Она нетерпеливо пожала плечами. В тот день Меллиора отправилась на прогулку в двуколке с мисс Келлоу. Я услышала шум коляски в окно, выглянула и, увидев их, расстроилась, что она не пригласила меня проехаться с ними.

Вернувшись, она влетела в мою комнату с горящими глазами и румянцем на щеках.

Она уселась на кровать и начала на ней подпрыгивать.

Потом перестала и сказала, склонив голову набок:

— Золушка, не хочешь ли ты попасть на бал?

— Меллиора, — охнула я. — Ты хочешь сказать…
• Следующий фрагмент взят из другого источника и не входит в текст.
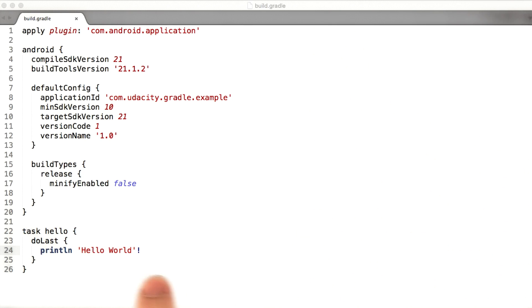Here's an example of what a Gradle build script looks like. Even without any explanation, it's reasonably easy to figure out what's going on. We have what kind of looks like a stripped down JSON syntax.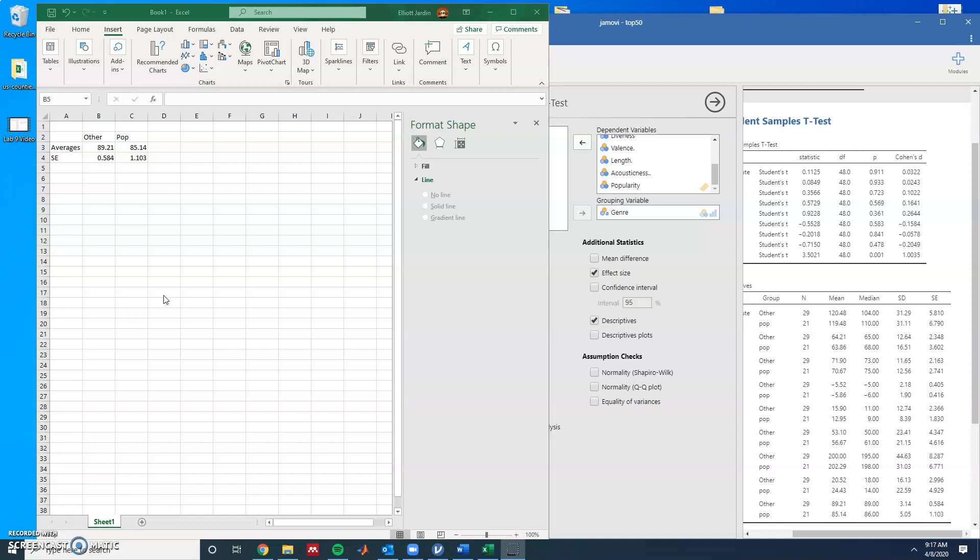Hi all, I'm going to show you how to get the standard error bars for two different variables.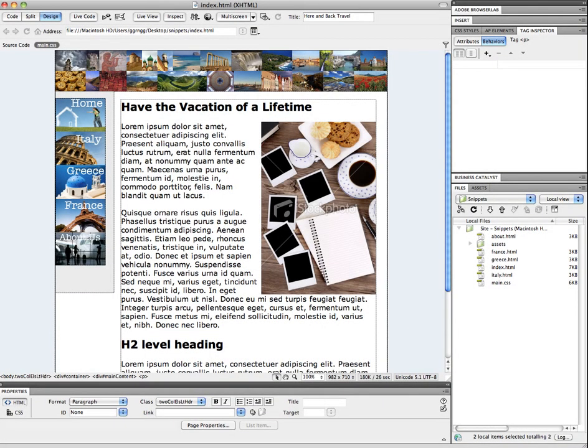Welcome. In this tutorial I'm going to demonstrate how to use snippets and library items in Dreamweaver. Snippets and library items are things that can save you a lot of rework and a lot of copy and paste.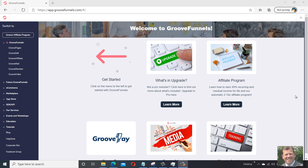Hi guys, this is Phil from FunnelTips.net. Just going to do a quick video today on how to add an autoresponder or email account to GroovePages and GrooveFunnels.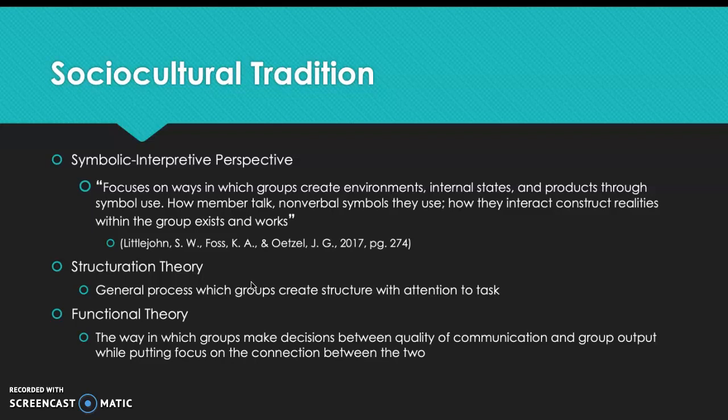Another section within this tradition is functional theory, which examines the way in which groups make decisions and the connection between quality of communication and group output. Dewey's six steps within this are: expressing difficulty, defining the problem, analyzing, suggesting solutions, comparing alternatives and testing them, and implementing the best solution.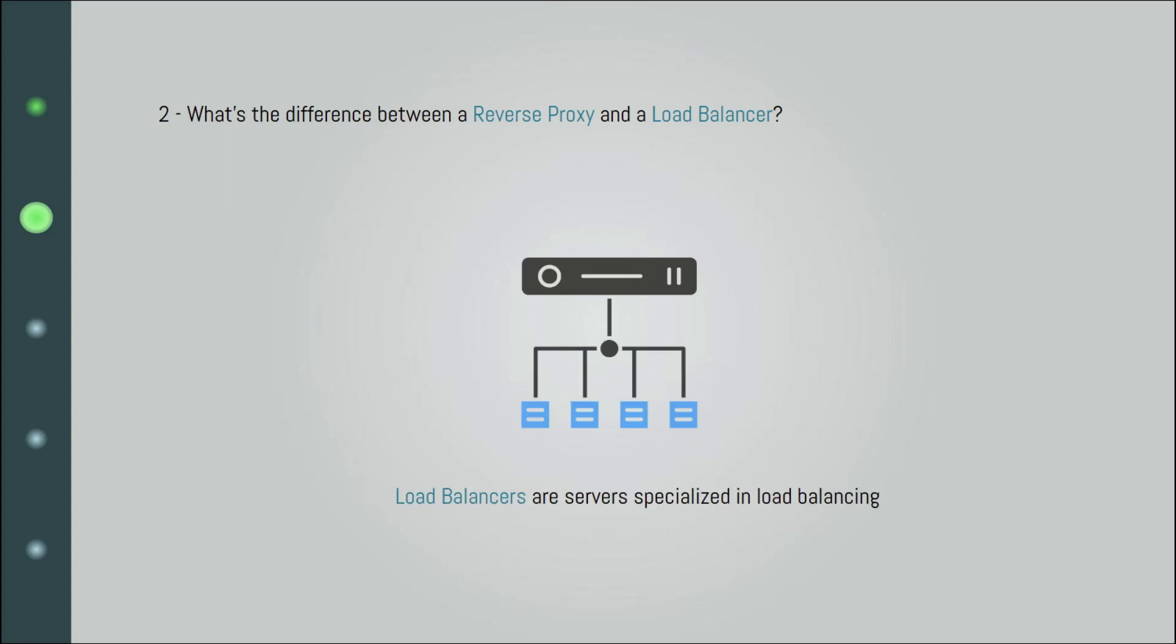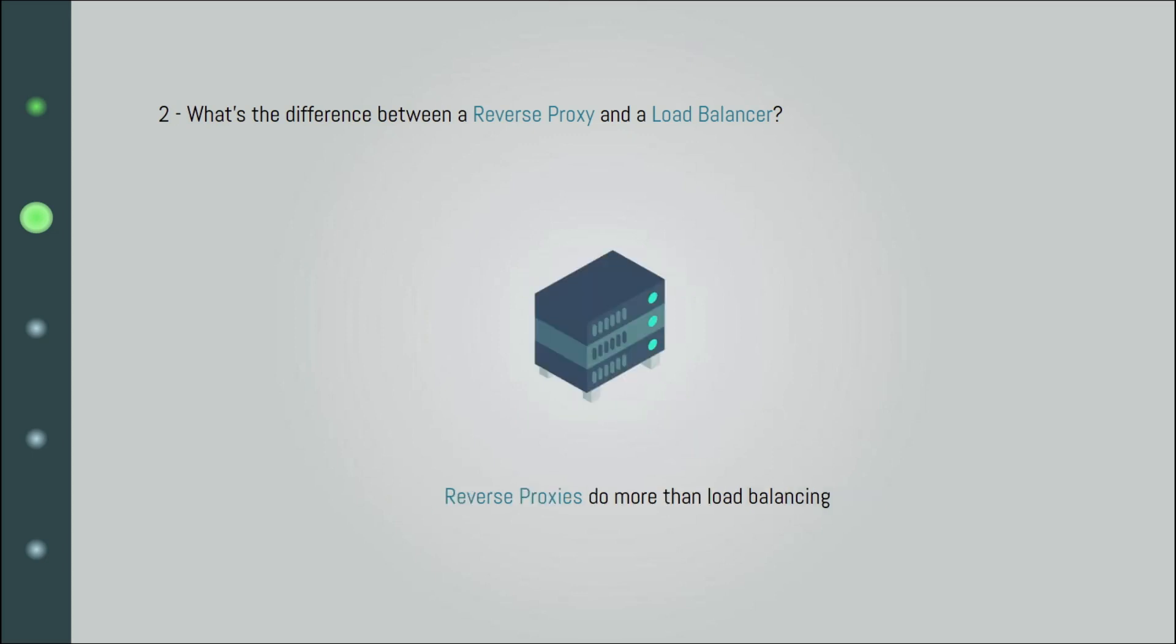A load balancer is a specialized server that takes care of incoming requests and forwards them to the right server. That's pretty much what it does. There might be some other features included, but they are all related to the load balancing task. A reverse proxy, on the other hand, can do more than that. Load balancing is just one of its features. It's like bonus included in a rich package.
— Ты приглашена. Ну, не совсем ты, потому что у нее нет ни малейшего понятия… но у меня есть приглашение для тебя, и будет так весело, Керенса. Гораздо лучше, чем с папой или с какой-нибудь дуэньей, которую он бы для меня подыскал.

— Как тебе это удалось?

— Сегодня я нанесла визит леди Сент-Ларнстон. У нее приемный день. Так что мне предоставилась возможность поговорить с ней, и я сказала ей, что папа себя плохо чувствует и не сможет сопровождать меня на бал, но у меня гостит подруга и нельзя ли ей передать приглашение вместо него? Она была очень любезна.
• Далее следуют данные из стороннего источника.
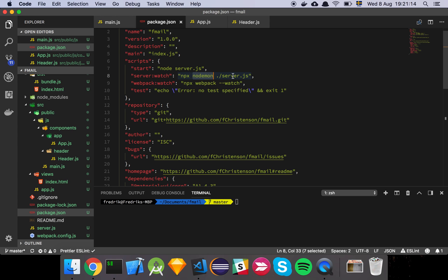it's going to simply rerun node with that script. So if I now make changes to my server, we're actually going to see nodemon just restart my server, which is exactly what I want.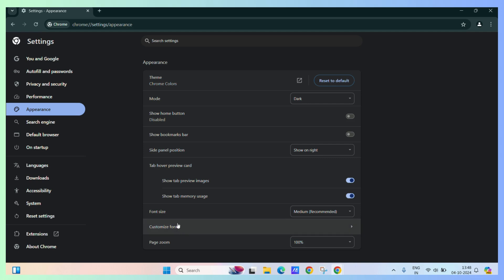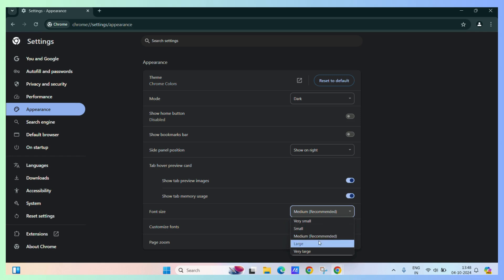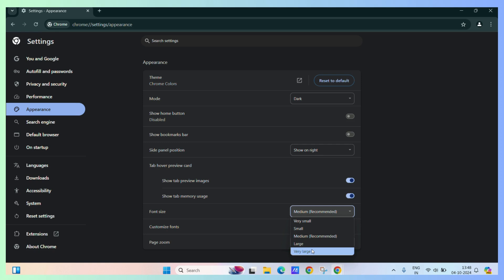Here, you can see the font size option. Now, click on the drop-down arrow and you can select the size depending upon your choice. For example, say very large.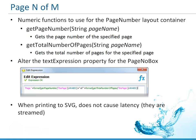The last thing to know is that when we're printing out to SVG, if you're looking at it through the report viewer, you're going to see that it doesn't cause latency. As soon as the first report data page is ready, you're going to get that page.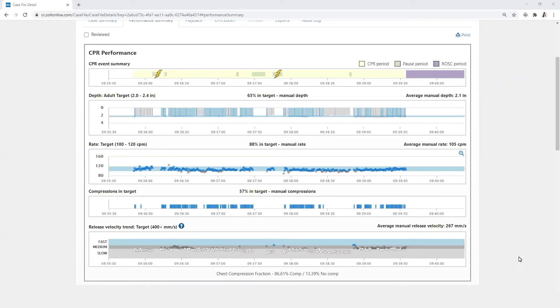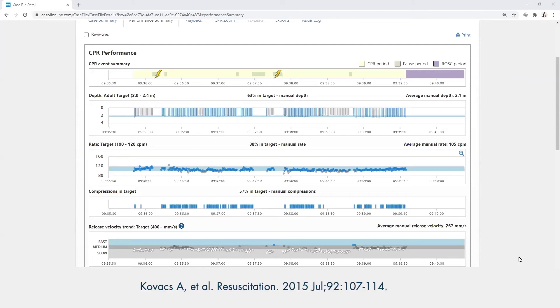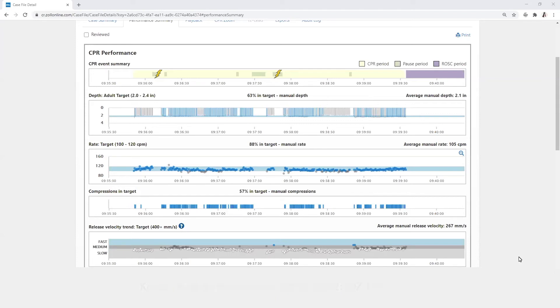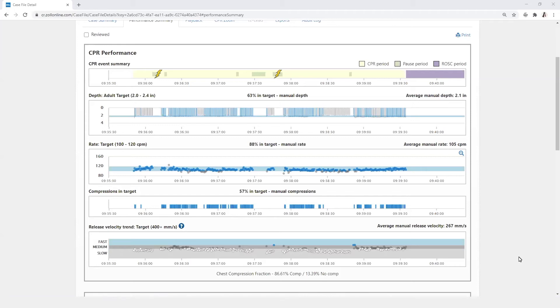In one study, a chest compression release velocity greater than 400 millimeters per second, which is defined as fast, has been associated with improved survival and favorable neurological outcomes. If ventilation data is present in the case, the ventilation charts for rate and end-tidal CO2 will be available.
— Меллиора… но если она узнает!

— Не узнает. Я изменила твою фамилию на тот случай, если ей что-нибудь придет в голову. У нее сложилось впечатление, что речь идет о моей тетушке, хотя я этого не говорила. Бал костюмированный, все будут в масках. Она будет встречать гостей у лестницы. Ту уж постарайся выглядеть постарше — ну так, чтобы казаться в подходящем возрасте для того, чтобы сопровождать молодую девушку на бал. Теперь я прямо загорелась, Керенса! Надо решить, что мы наденем. Карнавальные костюмы! Ты только представь себе! Все будут великолепны. Да, кстати, ты будешь мисс Карлион.
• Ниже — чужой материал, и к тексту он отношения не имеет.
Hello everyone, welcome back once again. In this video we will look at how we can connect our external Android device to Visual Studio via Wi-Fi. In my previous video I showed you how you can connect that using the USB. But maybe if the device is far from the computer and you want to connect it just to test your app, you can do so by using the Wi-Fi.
— Мисс Карлион, — пробормотала я. И добавила: — А где мне взять костюм?

Она склонила голову набок:

— А для чего же ты училась рукоделию? Видишь ли, у папы неважно с деньгами, и он не сможет дать мне побольше на наряд, а нам надо сделать два вместо одного.

— Как же я пойду без костюма?

— Не сдавайся так легко. «Жизнь свою надлежит сделать такой, какой захочешь». Так ведь? А ты тут «не смогу» при первой же трудности. — Неожиданно она обвила меня руками и прижалась ко мне. — Так хорошо иметь сестру, — сказала она. — Как там говорит твоя бабушка?

— Поделишься с кем своей радостью — вдвое умножишь ее, поделишься с кем своим горем — вдвое уменьшишь его.

— Это правда. Теперь, когда ты тоже идешь, я так рада! — Она оттолкнула меня и снова уселась на кровать. — Первым делом мы должны решить, какие костюмы нам бы хотелось, а потом поглядим, что мы сможем раздобыть. Вообрази себя такой, как на картинах там, в аббатстве. Ах да, ты же их еще не видела. Бархат, я думаю. Из тебя выйдет прелестная испанка, если подобрать волосы, а потом прикрепить гребень и мантилью. Теперь обрадовалась я.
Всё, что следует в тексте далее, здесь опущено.